With Drive-Bys on the Rise, a Mexican Gang Said They’d Kill Anyone Sent to Prison for a Drive-By
Los Angeles had a problem with drive-by shootings in the early 1990s. Every year saw more than 1,000 of these shootings. Hundreds of people died, and around half of the 9,000 people hit were just random bystanders.
This was all getting to be a bit much. So, in the fall of 1993, the Mexican Mafia put out the word that while, sure, you can still kill who you have to kill, these reckless drive-bys had to stop. If anyone committed a drive-by, it would still be up to the LAPD to arrest them. But from this point on, when they went to prison for a drive-by, the Mexican Mafia would tack on a death sentence, by telling all gang members already incarcerated that this new inmate was fair game for slicing open.
Drive-by shootings did drop after this. “It’s none of my business why it happened, but I think it’s beautiful that the killing has stopped,” one anti-gang activist told a newspaper, relieved that gangs had now killed only 13 people in his neighborhood that year. Yes, you might hear people claiming crime’s high nowadays, but that’s because they’ve totally forgotten what life was like 30 years ago.

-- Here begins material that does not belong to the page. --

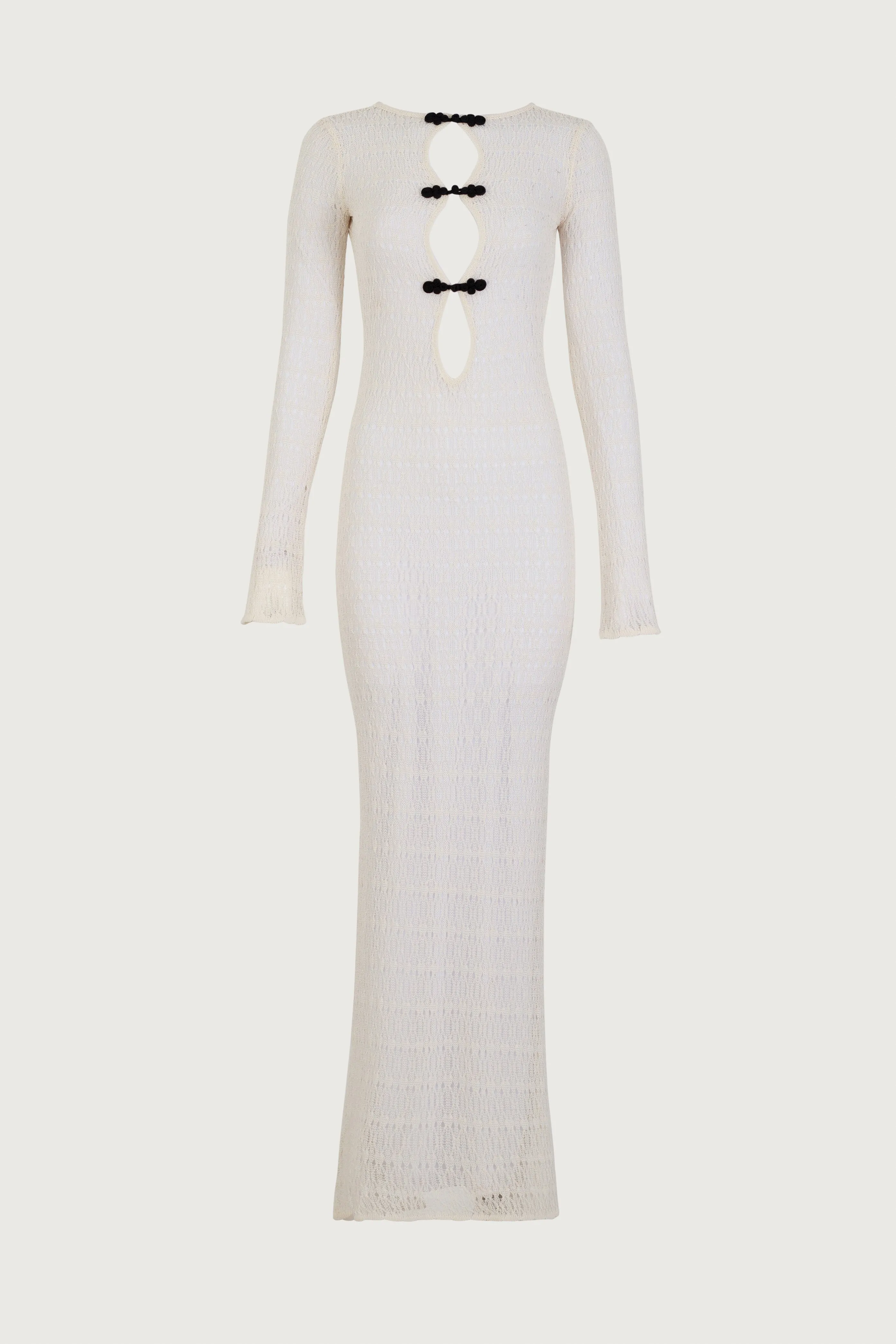 Keyhole Crochet Dress (Cream/Black) sold by SAME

Texas Inmates Left Their Cell to Save a Guard
When prison inmates work toward the cause of justice, sometimes, it doesn’t involve taking people’s lives. Sometimes, it involves saving lives. In 2016, a group of guys were in a Texas holding cell, on offenses related to drugs and assault. The officer outside the cell suddenly slumped over. So, the inmates broke out of the cell.
From the security footage, it doesn’t look like breaking out required a lot of work, but reports still describe them as forcing the door open. The security tape also shows the men wearing black and white stripes, something you may not have known prisoners still wear, but we assure you, the footage is real.
The prisoners, still cuffed, checked the officer for a pulse and found none. They summoned help from elsewhere in the station, and paramedics managed to magic the guard back to life. The man would have stood no chance had the emergency personnel taken any longer to reach him, the police later announced.
For saving the officer’s life, the prisoners received the highest reward possible: They were escorted back to their cell — with thanks. And without facing additional charges for breaking out of the cell, something that had always been a possibility.